Only the lines from the one containing "3 Bedroom Semi" through the last line below belong in your copy; transcribe them exactly and omit any pictures.
** Opening Data extract block **
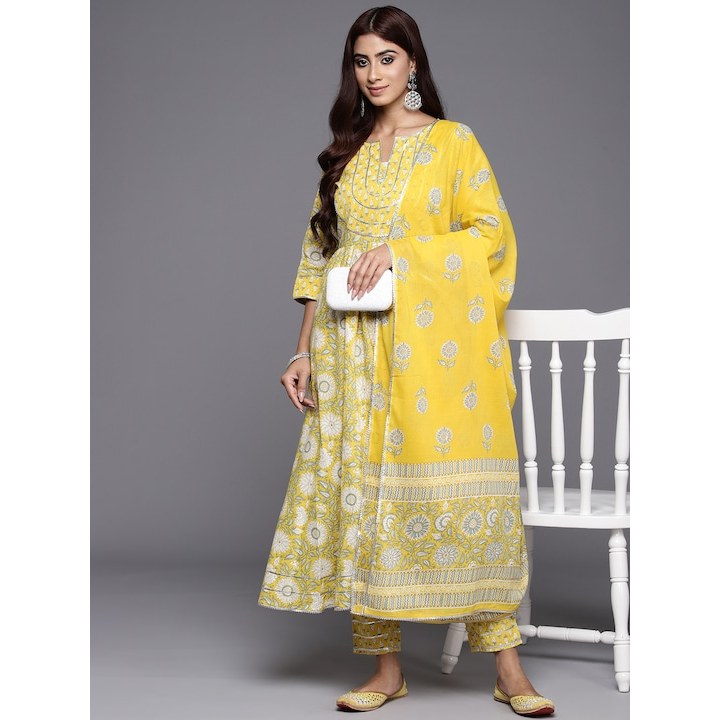 ((งานแบรนด์ Libas)) ชุดอินเดีย เซต 3 ชิ้น Woman Floral Printed Gotta Patti Pure Cotton Kurta with Tr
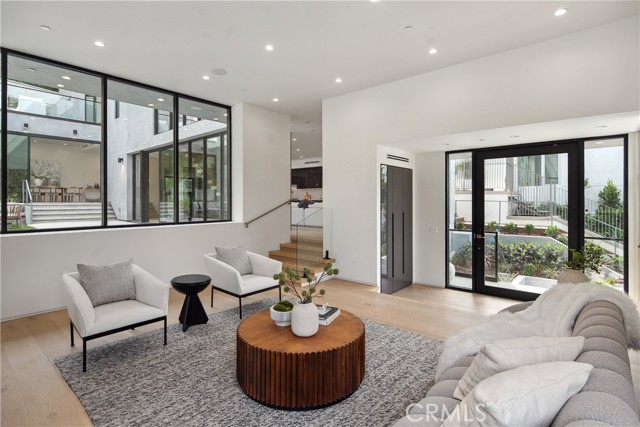3670 Buena Park Drive, Studio City CA: https://media.crmls.org/medias/b4c62b90-b62f-4a43-9be3-1cae006dcc7e.jpg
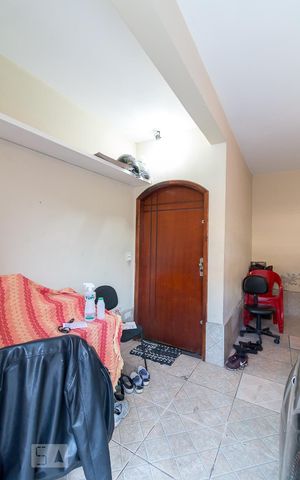 Casa para alugar com 385m², 3 quartos e 5 vagasGaragem - entrada para cozinha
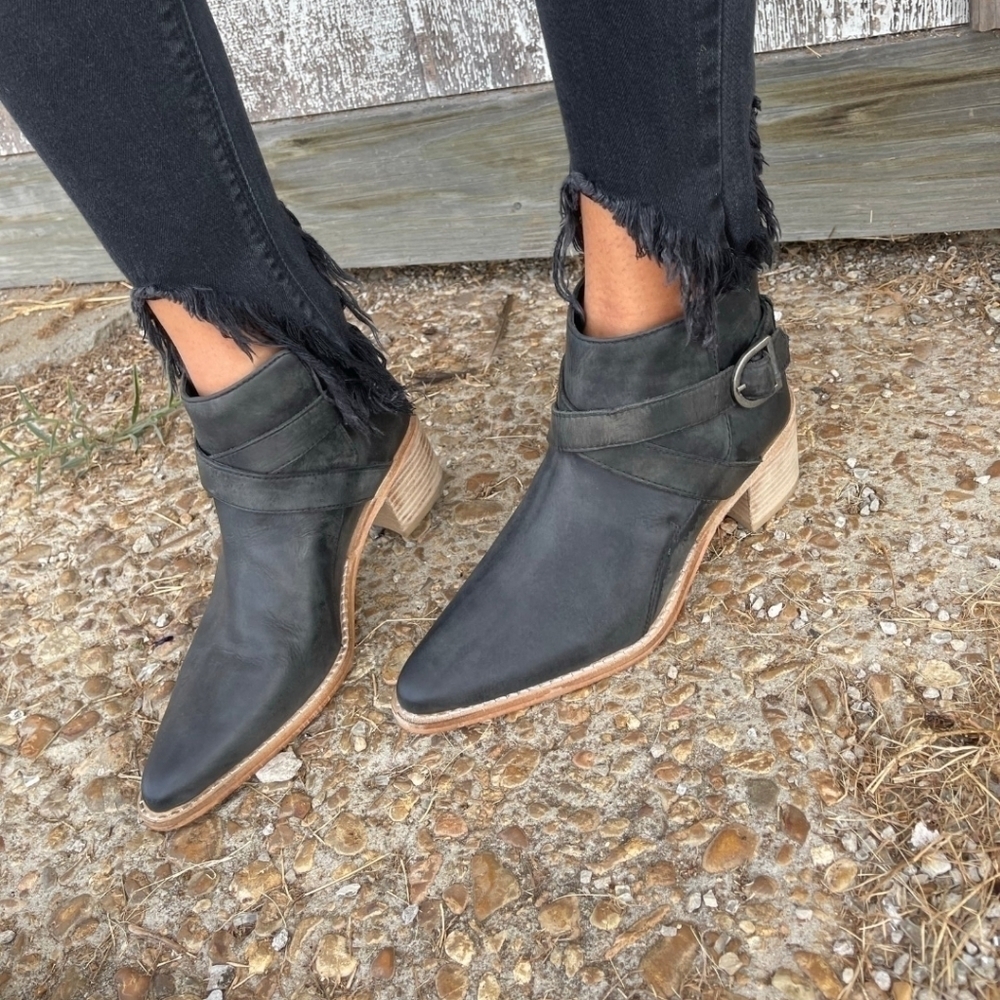 NEW Free people Back Loop Ankle Boots stacked heel western cowgirl Black 6.5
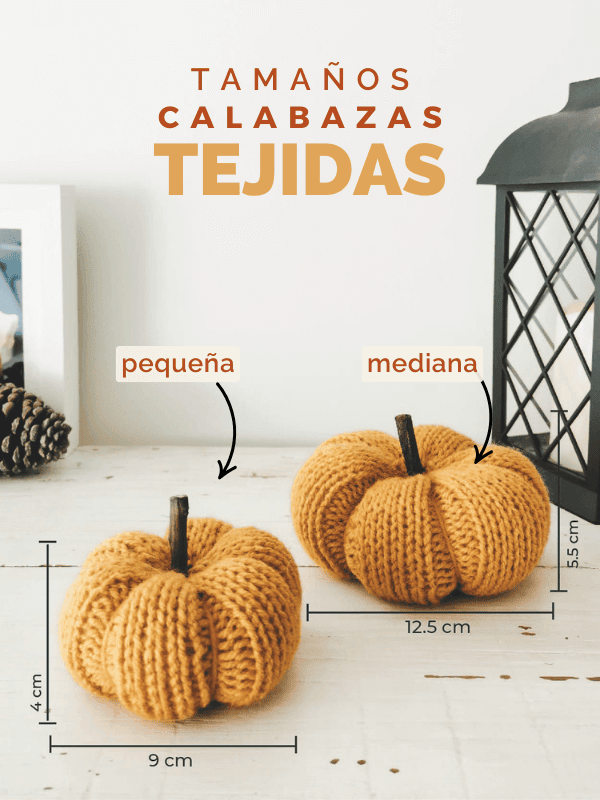 calabazas-tejidas-tamanos-pequena-mediana Comparativa de tamaños de calabazas tejidas a mano en color mostaza: pequeña de 9x4 cm y mediana de 12.5x5.5 cm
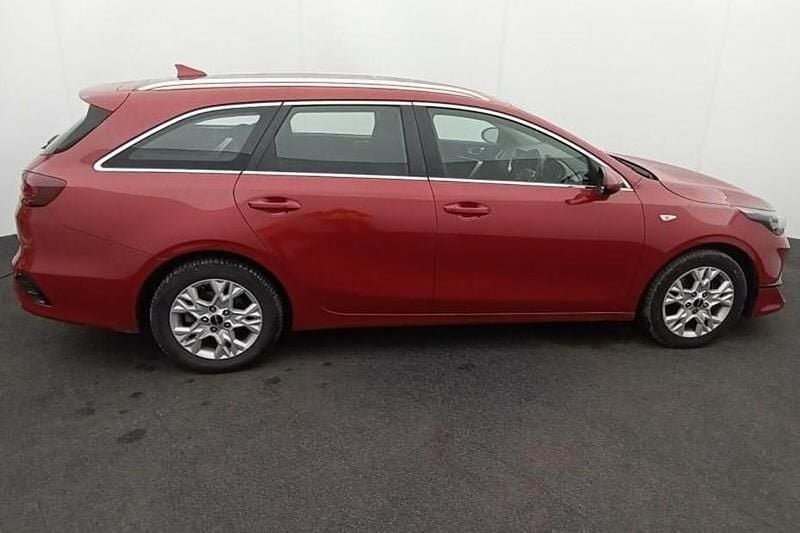 Red Used 2022 Kia Ceed Sportswagon Estate | £12,250 (Good price) - Image 1/1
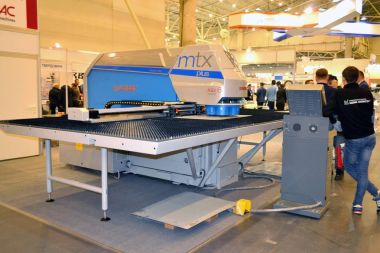 Endüstriyel makine, üretim toplama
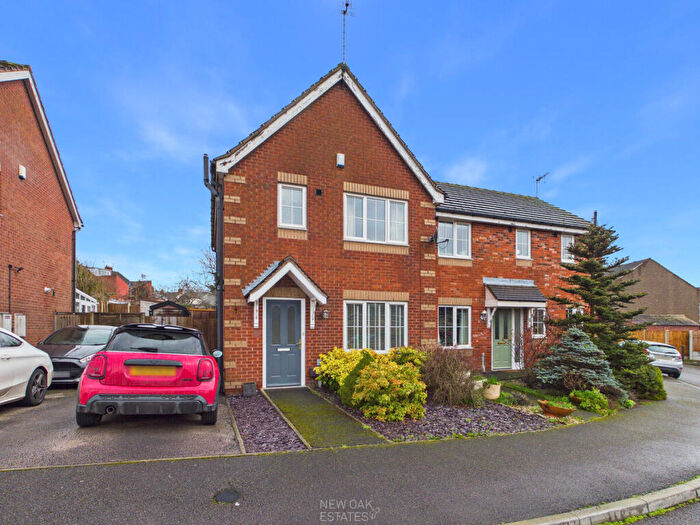 3 Bedroom Semi Detached House For Sale In Babbington Street, Tibshelf, DE55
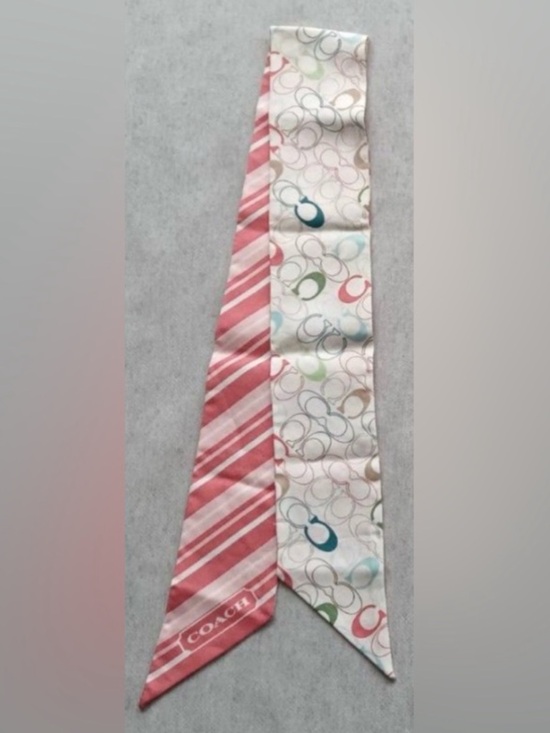 Coach reversible, silk pony scarf EUC - Picture 6 of 8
** Closing Data extract block **
◆ Output below
 3 Bedroom Semi Detached House For Sale In Babbington Street, Tibshelf, DE55
 Coach reversible, silk pony scarf EUC - Picture 6 of 8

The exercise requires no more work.